The Language of Sense

Paul L. Sawyer, Professor of English, Cornell University


Introduction to Chapter 2 of the author's Ruskin's Poetic Argument: The Design of the Major Works, which Cornell University Press published in 1985. It appears in the Victorian web with the kind permission of the author, who of course retains copyright.

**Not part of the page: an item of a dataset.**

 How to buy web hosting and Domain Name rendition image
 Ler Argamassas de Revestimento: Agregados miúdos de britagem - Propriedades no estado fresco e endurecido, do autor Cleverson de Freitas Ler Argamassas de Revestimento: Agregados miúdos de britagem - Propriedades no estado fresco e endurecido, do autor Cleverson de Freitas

  1. Numbers in brackets indicate page breaks in the print edition and thus allow users of VW to cite or locate the original page numbers.
  2. Where possible, bibliographical information appears in the form of in-text citations, which refer to the bibliography at the end of each document, and extensive notes appear as text links.
  3. This web version of of Ruskin's Poetic Argument is a project supported by the University Scholars Programme of the National University of Singapore. It was carried out by the following Student Research Assistants under the direction of George P. Landow: Tiaw Kay Siang of the Faculty of Engineering created the electronic text using OmniPage Pro OCR software; Eugene Lee, Gerald Ajam and Chew Yong Jack of the Faculty of Arts and Social Sciences, Adrian Kang of School of Computing and Derrick Wong of School of Design and Environment created the HTML version, including converting footnotes to in-text citations; all links to materials in VW were added by Landow.

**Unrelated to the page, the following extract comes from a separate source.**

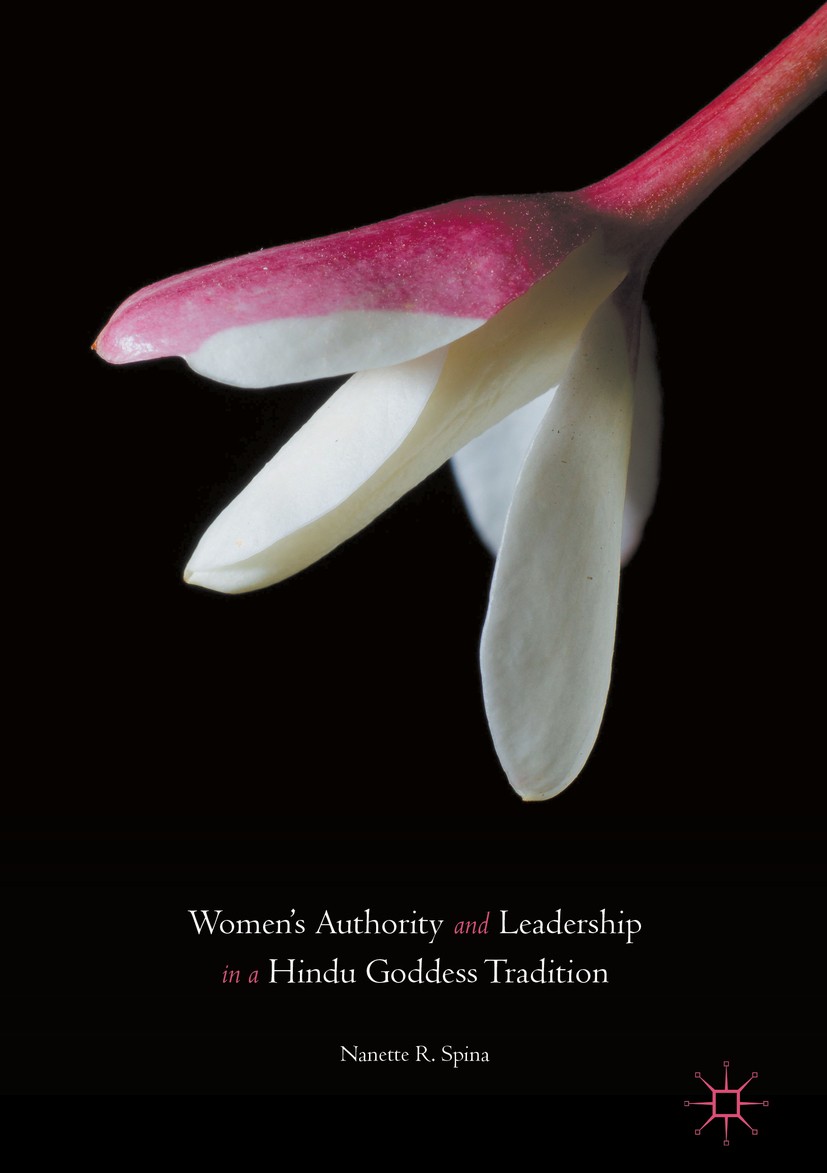 Titlebook: Women’s Authority and Leadership in a Hindu Goddess Tradition; Nanette R. Spina Book 2017 The Editor(s) (if applicable) and The Author(s) Titlebook: Women’s Authority and Leadership in a Hindu Goddess Tradition; Nanette R. Spina Book 2017 The Editor(s) (if applicable) and The Author(s)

Knowledge enormous makes a god of me. -- John Keats, Hyperion

decrorated initial 'r'uskin's letter to Osborne Gordon on the origins of Modern Painters I describes his new career in art criticism as an alternative to the ministry. His aim, he writes, was to communicate "the love and knowledge .... not of technicalities and fancies of men, but of the universal system of nature -- as interpreted and rendered stable by art." He then recalls that, on a Sunday in 1842, while traveling in Geneva, he read a hostile review of Turner:" It put me in a rage, and that forenoon in church (it's an odd thing, but all my resolutions of which anything is to come are invariably formed, whether I will or no, in church -- I scheme all thro' the litany) -- that forenoon, I say, I determined to write a pamphlet and blow the critics out of the water." But the pamphlet grew into "a complete treatise on landscape art." "Then came the question, what is the real end of landscape art? and then the conviction ... that it might become an instrument of gigantic moral power, and that the demonstration of this high function, and the elevation of the careless sketch or conventional composition into the studied sermon and inspired poem, was an end worthy of my utmost labour" (III, 665-666). The confusion in the final sentence is richly suggestive. Nothing can elevate a conventional composition to an inspired poem; Ruskin must have in mind the writing of his own treatise, his continuing hopes as an artist, or the effect of his prose on other modern painters. The sentence does convey with accuracy his newly discovered sense of moral and verbal power, which fuses the ecstatic emotions induced by landscape, the "swelling" that Burke attributes to ambition, and the moral [34/35] aggressiveness of the inspired preacher. Ruskin's first book is at once a pamphlet to end all pamphlets and arguably the longest sermon in English, but the mingling, in the passage that I have quoted, of "composition," "sketch," and "poem" suggests that Ruskin, viewing paintings as sermons and language as paint, reconceives the experience of seeing as he revolutionizes the rhetorical modes that he mixes so surprisingly.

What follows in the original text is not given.